Comic Problems #2: Redrawing Older Comics
By Hervé St-Louis
Feb 20, 2016 - 9:45
Question: I publish a Web comic and often I want to redraw older comics as my skills have improved. Should I do it?
Early Doug Mahnke art
Answer: This is a frequent concern of web comic creators. Because our work is delivered into what I call micro-releases, it can take year before we complete one storyline. Our readers come back over and over again to read parts of our stories. Often web comic creators practice their craft as a hobby or are still learning the ropes. It’s quite easy for earlier work to change and start to feel awkward after just a few days.

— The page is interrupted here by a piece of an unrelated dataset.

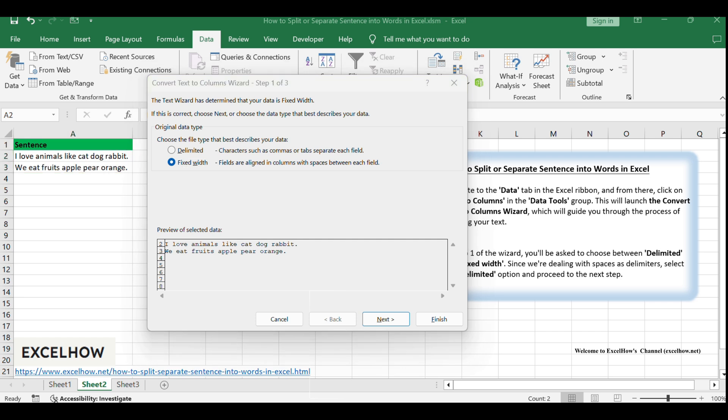In step one of the wizard, you'll be asked to choose between delimited and fixed width. Since we're dealing with spaces as delimiters, select the delimited option and proceed to the next step.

Unlike print comics where deadlines matter, web comic creators can easily go back and change a page and even change a story or a chapter. Some people say that going back and changing older pages is a waste of time and effort and that creators should always look forward and not backward. They argue that seeing the progress of a cartoonist over time is part of the treat of the web comic experience.
But for some cartoonists, not showing their bet work can feel frustrating. As they get better with time, they become very critical of older drawings. Cartoonists, it will not surprise you are their own worse critics. What if the thought of having work you are less than impress with torments you? Can you really move forward?
Here is how I handle the situation with Johnny Bullet. There are changes that are not conditional. They have to be made. The most important thing I will go back and edit in earlier pages are typos, grammar, syntax, and spelling. Many errors slip by since I’m very close to the comic. Just like when writing a paper for school, often I cannot see a ridiculous typo for several days. So whenever I can, I go back and correct mistakes in texts. There is no artistic interpretation about me not spelling a word properly. It was not intended and is not a mark of my growth. It’s just bad editing!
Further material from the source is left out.